RECORD SET –
Content starts

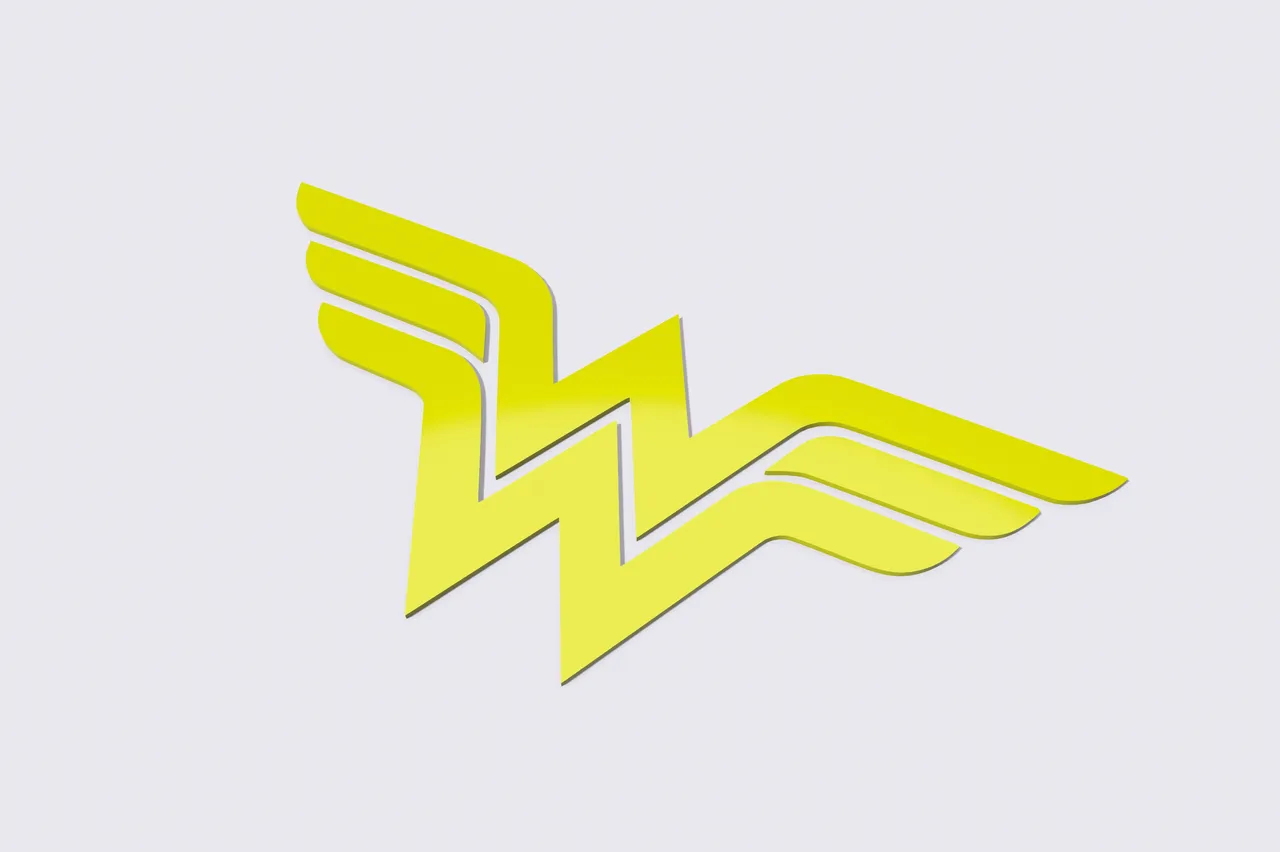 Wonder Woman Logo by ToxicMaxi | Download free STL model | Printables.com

Content ends
Content starts

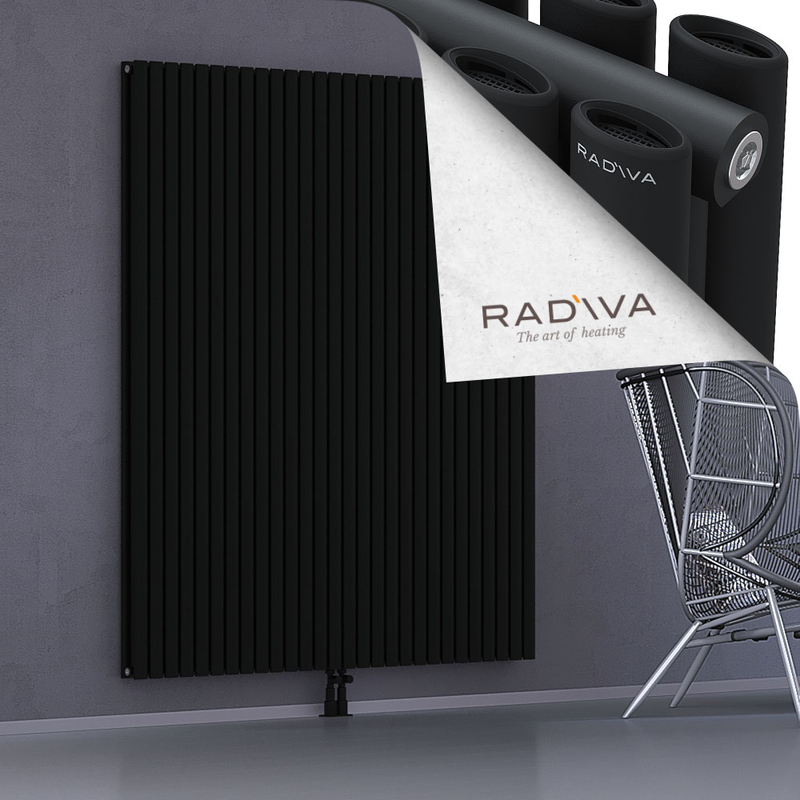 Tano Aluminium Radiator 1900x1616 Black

Content ends
Content starts

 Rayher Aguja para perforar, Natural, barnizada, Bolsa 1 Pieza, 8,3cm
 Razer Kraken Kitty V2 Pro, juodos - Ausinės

Content ends

WORK REQUIRED –
Would you copy out exactly the lines above that start at the one containing "Rayher Aguja para" and end at the one containing "Razer Kraken Kitty V2 Pro, juodos - Ausinės", inclusive?

TASK ANSWER –
 Rayher Aguja para perforar, Natural, barnizada, Bolsa 1 Pieza, 8,3cm
 Razer Kraken Kitty V2 Pro, juodos - Ausinės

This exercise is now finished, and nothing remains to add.